Since it opened 24 years ago it has made profits for its various owners. Between 1988 and 1992 it made nearly $100 million for Outokompu.

Mr McQuillan says the company is using the current drop in prices to push through cuts in pay and changes in working conditions that are not historically justified. He also argues that the mine is currently extracting lowquality ore with around 6.5 per cent concentrates, compared with 8 to 10 per cent normally. Its competitiveness has been undermined by neglect of developmental work in recent years.

The company sees it differently. It says that the only reason 1997 was a good year was that zinc prices were exceptionally high, peaking at $1,600 a ton. Mr Kelly says: "Yes, zinc prices are a concern, but there is not a thing we can do about them. We can control costs." He believes that the changes the company is now trying to push through are not all bad for miners. Besides preserving more than 600 well-paid jobs, the shift changes involve a rolling four-day week roster, instead of the present Monday to Friday pattern.

The four-day week is, however, to be accompanied by longer shifts.
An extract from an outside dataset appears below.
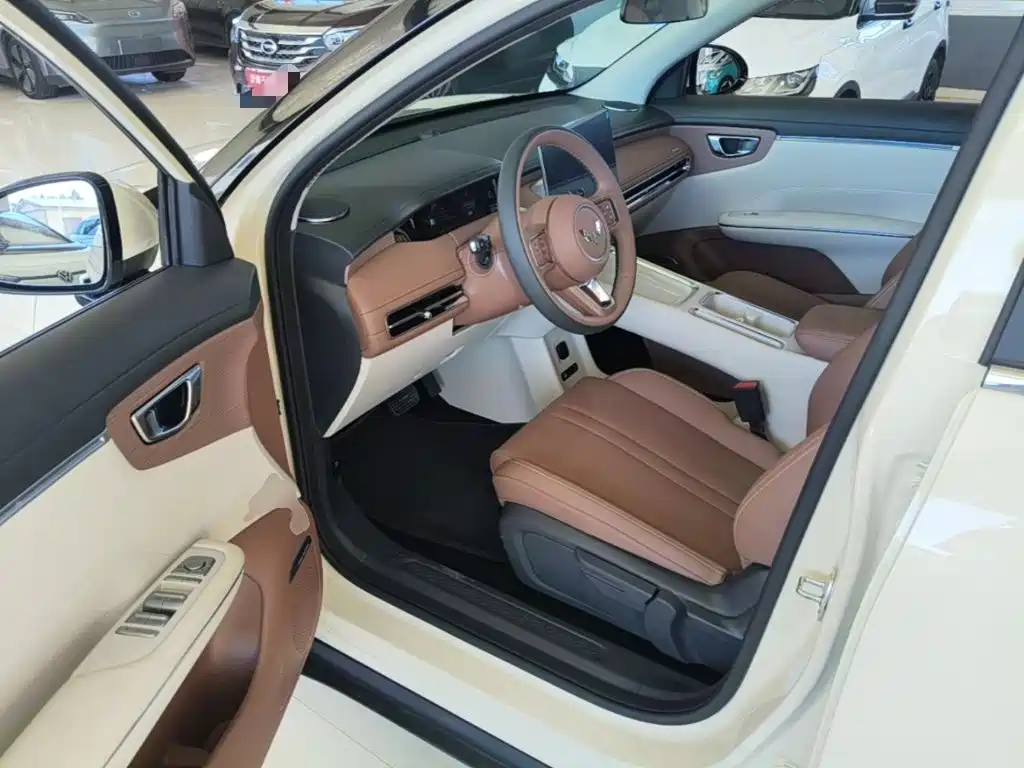 Wuling Binguo S — миниатюра 16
The present three-shift roster of eight hours, which is supposed to keep the mine operating non-stop for five days a week, is to be replaced by a two-shift roster with shifts of between nine hours and 10.5 envisaged.

This would allow gaps between shifts so that miners would not be paid while blasting operations take place. However, the overall length of the basic working week would remain unchanged at 39 hours. He says that this is a common pattern for the industry and that miners elsewhere have resisted attempts to introduce five-day working.

Tara cannot actually extend the basic working week without the agreement of the workforce and an exemption under the new Organisation of Working Time Act. Significantly, this is not something the unions would necessarily oppose. Mr McQuillan says that they are also willing to consider reducing the standardised hourly rate from the present £10.58 an hour to £6, provided the system has inbuilt measures that would allow the miners to maintain earning through increased production.

He says the unions have made their own proposals for cutting bonus payments and making other wage savings that would cut costs in this area by £1.4 million, compared with the £1.75 million being sought by the company. They are also willing to accept changes in shift systems that would extend productive working by 103.75 hours, compared with the 105 hours sought by management.

"That is as close as you can get to meeting the other side in a negotiated settlement, but they want everything," he says.

He also disputes the company's argument that the partnership approach has not achieved its targets. He says that by last March they were not only met but exceeded in the key area of metres extracted per man shift. The target had been to raise the rate from 1.2 metres per hour to 1.67, and the workers achieved 1.8.

Mr Kelly does not dispute the SIPTU figures for March but says this was an exceptional month when the workers were trying to meet targets that might result in extra payments. Since then, the situation has deteriorated.

Craft workers and other employees at the plant also have grievances over issues such as annualised hours. These are all contributing to the general malaise. Mr McQuillan traces the mood to the disillusionment that has set in since management abandoned the joint steering committee strategy. Mr Kelly attributes it to fear of the unknown and an unwillingness to face up to the realities of competition.

Last year, Tara Mines was selected to participate with 10 other companies in the Partnership in Enterprise programme, sponsored by the European Commission, the Department of Enterprise, Trade and Employment, the Irish Productivity Centre, IBEC and the ICTU. At the time participants were told the process they were embarking upon would take at least two years to show results.